__Given records__.
....................

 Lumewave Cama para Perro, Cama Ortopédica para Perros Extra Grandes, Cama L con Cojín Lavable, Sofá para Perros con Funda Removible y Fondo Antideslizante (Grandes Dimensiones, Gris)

....................

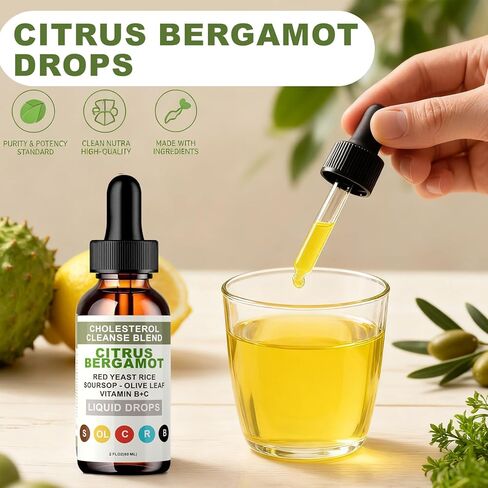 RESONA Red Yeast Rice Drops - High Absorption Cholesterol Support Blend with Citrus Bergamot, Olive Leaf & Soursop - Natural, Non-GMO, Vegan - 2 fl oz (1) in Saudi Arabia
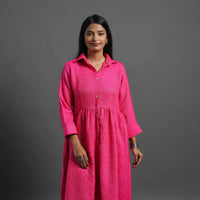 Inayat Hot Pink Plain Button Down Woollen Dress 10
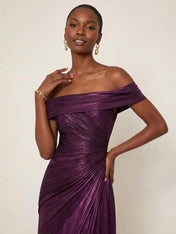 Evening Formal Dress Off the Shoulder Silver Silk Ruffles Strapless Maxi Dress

....................

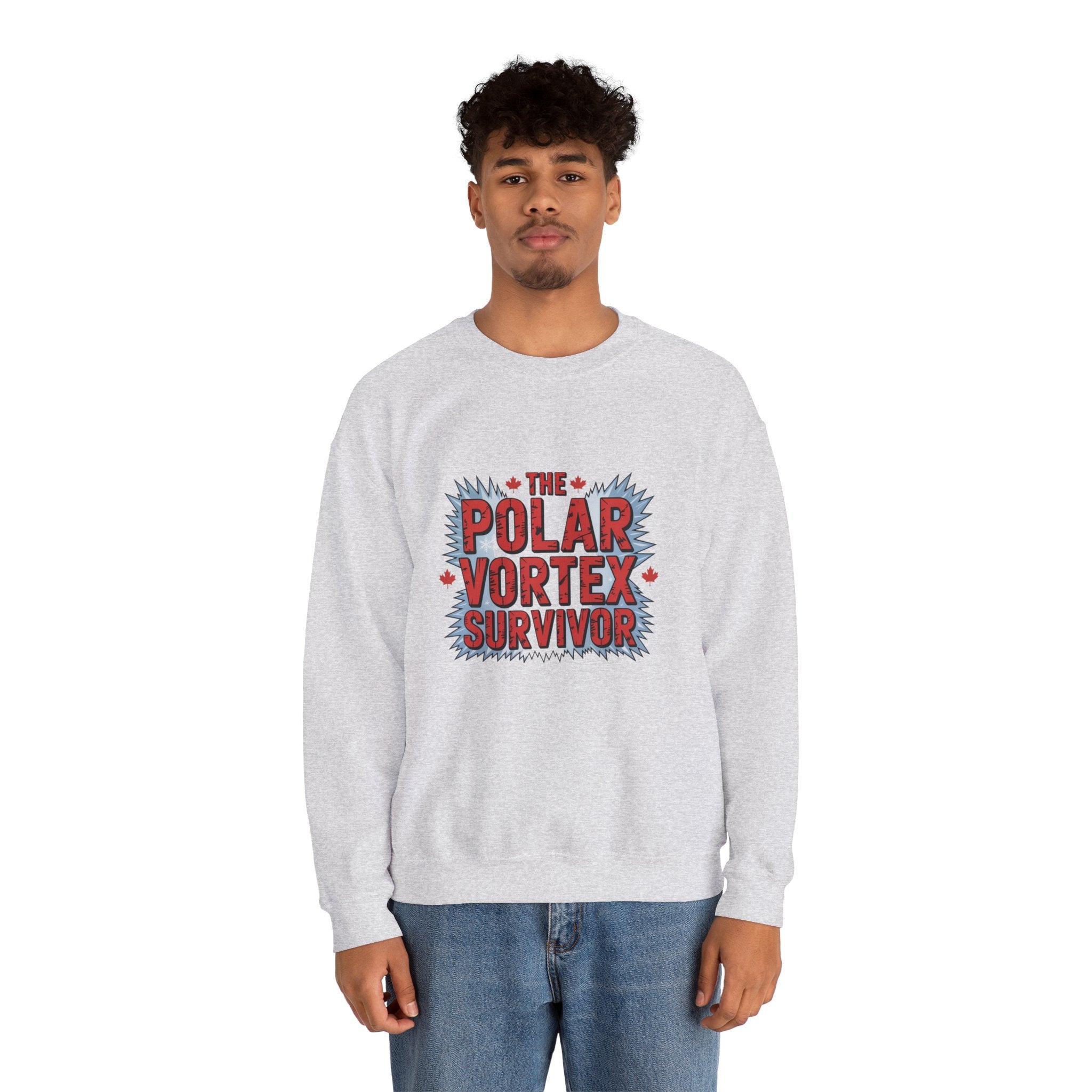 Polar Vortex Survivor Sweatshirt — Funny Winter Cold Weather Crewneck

....................

__Prompt__. Of the records above, print only the lines from the one containing "RESONA Red Yeast" through the one containing "Evening Formal Dress", inclusive and unaltered, leaving out pictures.

__Output for this exercise__.
 RESONA Red Yeast Rice Drops - High Absorption Cholesterol Support Blend with Citrus Bergamot, Olive Leaf & Soursop - Natural, Non-GMO, Vegan - 2 fl oz (1) in Saudi Arabia
 Inayat Hot Pink Plain Button Down Woollen Dress 10
 Evening Formal Dress Off the Shoulder Silver Silk Ruffles Strapless Maxi Dress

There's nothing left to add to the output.